We are watching our Palomar community corrode into tribalism

Paranoia and distrust has begun running rampant at Palomar in recent months, and it is corroding the foundation of our college community.

Palomar’s “Better Together” theme is a notion that’s been endorsed by various groups on campus as a way to describe the college’s atmosphere and culture as one of unity and togetherness. Now, however, that theme increasingly seems more like a facade. A pound and a half of makeup to cover divisions between groups on campus that have succumbed to an “us versus them” mentality.

In this case, it is faculty that has expressed deep concern in the way administration and Governing Board members have been managing the college.

Over the summer break, several events transpired that brought about this concern, one such event being the Governing Board’s approval of a newly amended contract for Superintendent Joi Lin Blake.

There were several in the community who felt the new contract, which among other things raised Dr.
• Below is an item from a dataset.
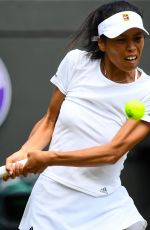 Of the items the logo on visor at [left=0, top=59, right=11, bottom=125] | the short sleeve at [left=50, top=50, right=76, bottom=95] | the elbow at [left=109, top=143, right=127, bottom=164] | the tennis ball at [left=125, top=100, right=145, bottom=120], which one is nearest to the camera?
the tennis ball at [left=125, top=100, right=145, bottom=120]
Blake’s salary to $292,027 (which is $32,027 more than what she began earning in 2016) was an unreasonably generous renegotiation of the contract.

Several believed it to be more unreasonable still, the lack of an explanation by the Governing Board as to why they amended the contract in the manner they did.
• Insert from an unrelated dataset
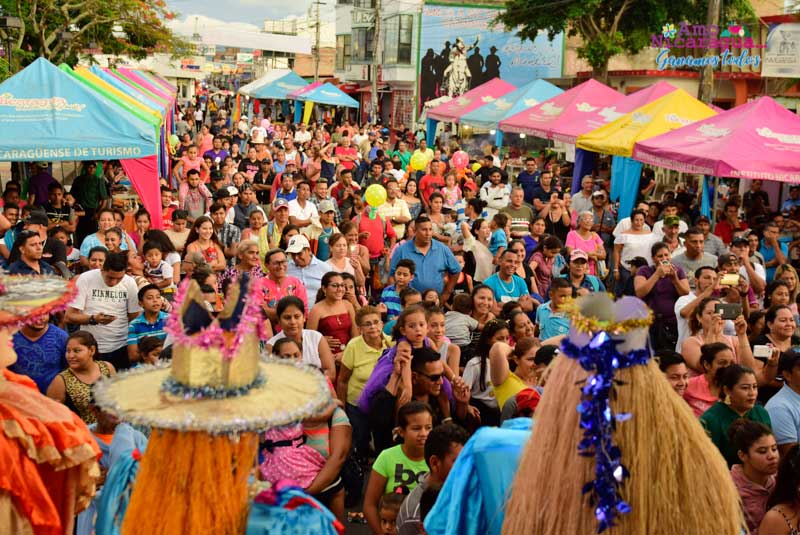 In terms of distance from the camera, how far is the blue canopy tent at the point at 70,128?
34.3 feet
Professor Lesley Blankenship-Williams wrote to the Governing Board before the contract approval, noting “the timing and presentation of this controversial amendment is highly suspicious. Why is this amendment being presented in July? The faculty are off contract and a lot of people are on vacation.”

Co President of the Palomar Faculty Federation Teresa Laughlin said in an email regarding transparency “my main problem with transparency is with the Governing Board. For example, they voted on the President’s contract without ANY discussion in open session.”
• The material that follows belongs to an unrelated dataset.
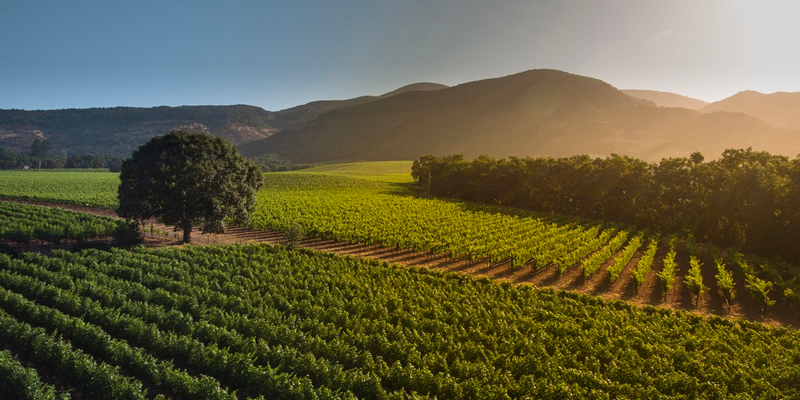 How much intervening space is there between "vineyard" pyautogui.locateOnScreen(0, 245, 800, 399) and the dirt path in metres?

We understand that it is well within the legal right, and even responsibility of the Governing Board to have made their decision in closed session. We know also they’re under no legal obligation to provide any more context to their decision than they have already.

However, as questions continue to loom over the decision, we believe there is a social obligation to provide further insight and dialogue as to why they felt this new contract was appropriate, so that we can return to the “Better Together” model.

Increased communication can only propel a better college community environment. At the Aug. 20 Faculty Senate meeting, Governing Board members John Halcon and Mark Evilsizer were both in attendance.

Both were seemingly receptive to faculty concerns and both expressed a willingness to maintain consistent dialogue. That is the type of administrative initiative that Palomar needs in order to foster a sense of collectiveness.